Asked to describe the Pitt-Syracuse rivalry, Boeheim replied, “Rivalries are when you have good games. You have two good teams and you have good games. That's what happened over the last 10-15 years with Pittsburgh and Syracuse. Every time we play Pittsburgh it's a big game, and it's a big game this year.”

Last season, Syracuse was a surprise Final Four entrant, losing to Michigan in the national semifinals.

This season, Boeheim is coaching yet another team, led by senior C.J. Fair, with the potential to make a deep tournament run.

“We've played good when we had to,” Boeheim said. “When we've been in tough spots, we've played really well, and we've played well down the stretch in games. That's been the difference.”

Coaching — and winning big — at Syracuse gives Boeheim a deeper appreciation for his accomplishments, which include 937 career wins.
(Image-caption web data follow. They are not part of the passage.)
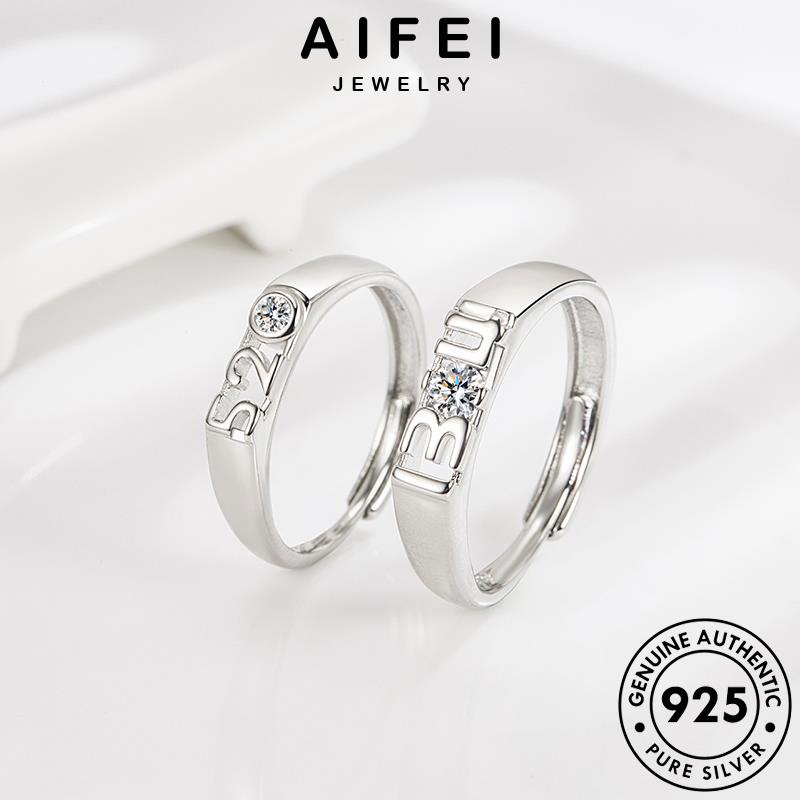 AIFEI JEWELRY thật trang sống nhẫn quốc bạc bản cặp tạo phụ thời hàn 925 đôi cuộc nguyên sức sáng kiện R121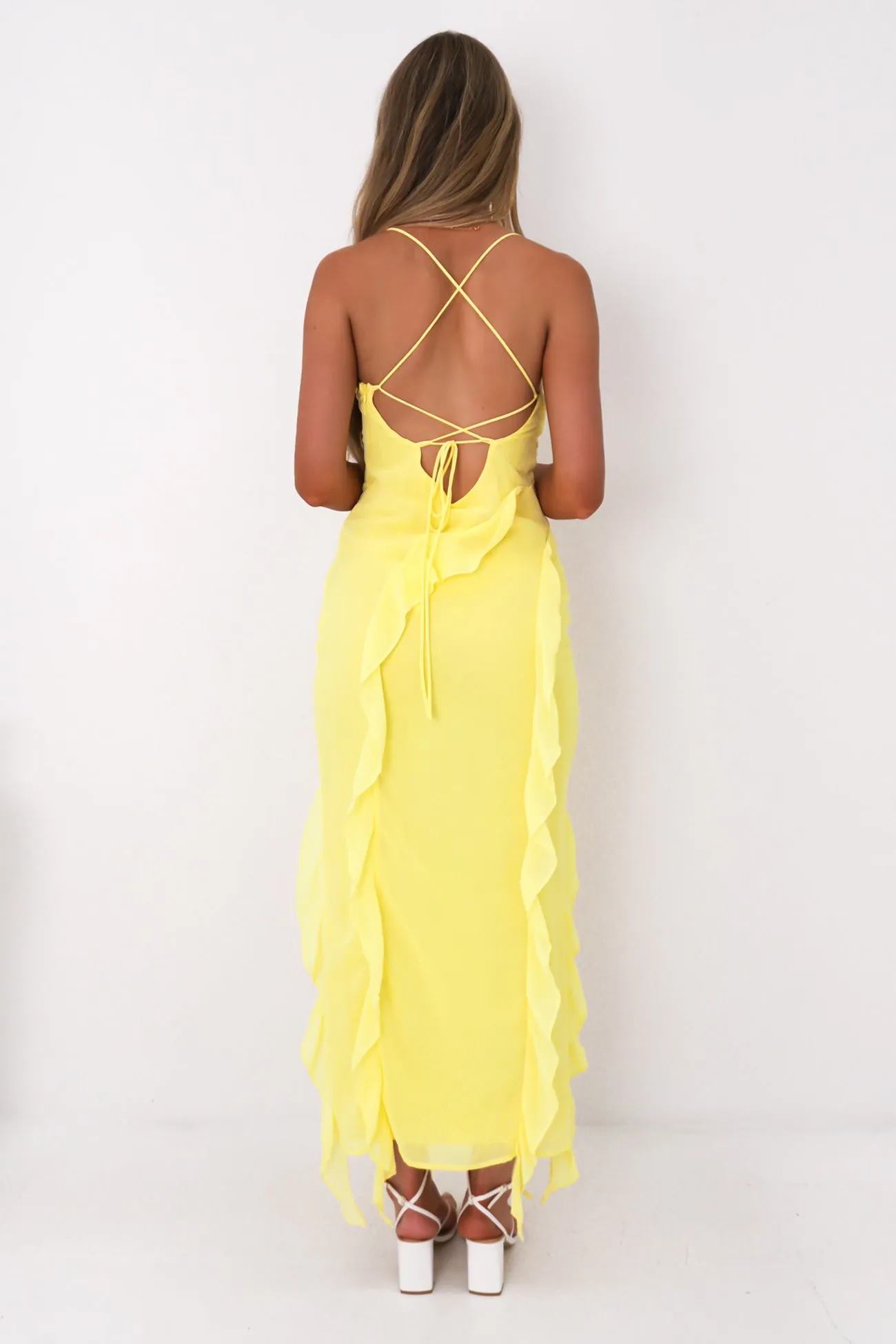 Loz Maxi Dress Yellow Cool Movement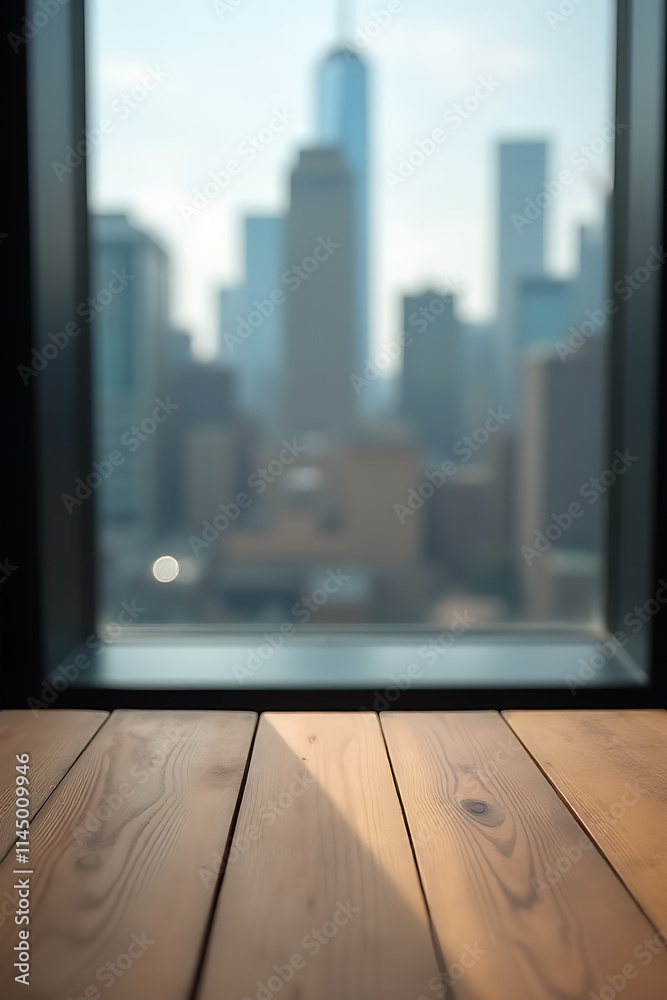 Poster A wooden table top with a blurred cityscape in the background through a glass window is an interesting photograph subject._00001_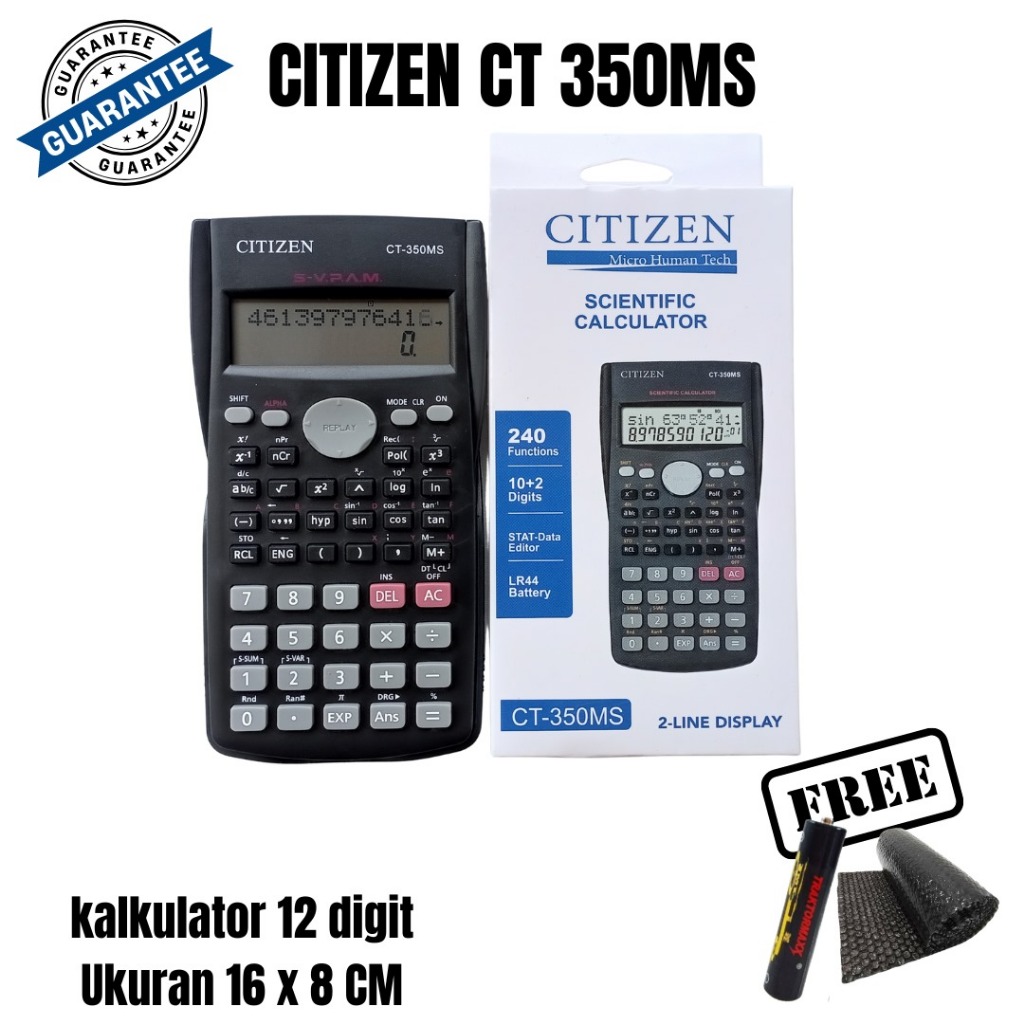 

Kalkulator Ilmiah CT 350 MS 240 Fungsi 12 Digit Sin Cos Alat Hitung Scientific Sekolah Besar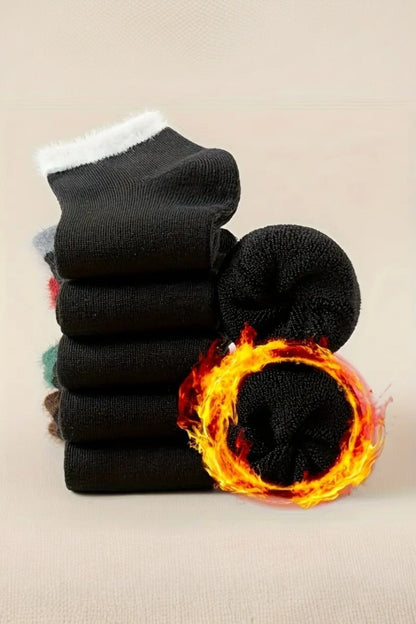 Kadın 6 Çift Renkli Peluş Kenarlı Sıcak Tutan Rahat Günlük Havlu Termal Patik Çok Renkli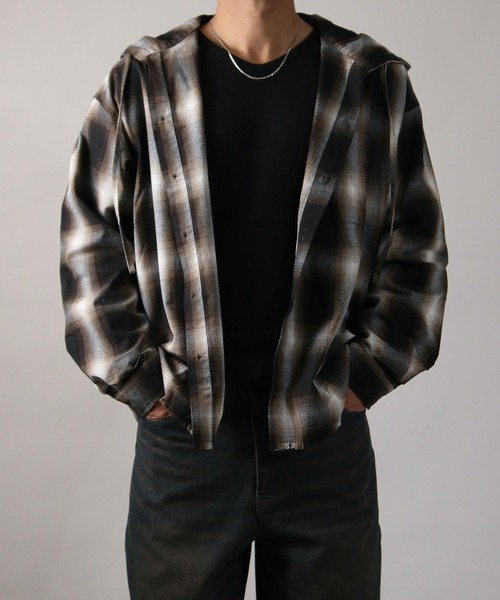 NYLAUS(ナイラス)の「【Nylaus】フード付き カットオフデザイン オンブレチェック シャツ ネルシャツ オーバーサイズシャツ 長袖シャツ(シャツ/ブラウス・メンズ・ブルー/ブラック/ブラウン・L/M)」の12枚目の写真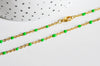 EP Bracelet ou collier acier doré 14k résine verte chaine doree, bracelet chaîne fine,création bijou,1.5mm,20.5cm, x1 G3600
“For me, Syracuse was the right fit,” said Boeheim, 69. “I came here as a walk-on. I was an assistant coach here. If coaches find the right fit, they'll stay. More and more coaches are settling in if they get a good situation. Mike Krzyzewski found his place at Duke. Billy Donovan at Florida found the right place for him. Bo Ryan at Wisconsin. Tom Izzo at Michigan State.

“You can still find a good situation that's comfortable for you, and you stay there.”

Is Dixon, now in his 11th season with nearly 300 career wins, that guy at Pitt?

“Absolutely,” Boeheim said. “He's found a great place and built a tremendous program. I see him coaching at Pittsburgh a long time.”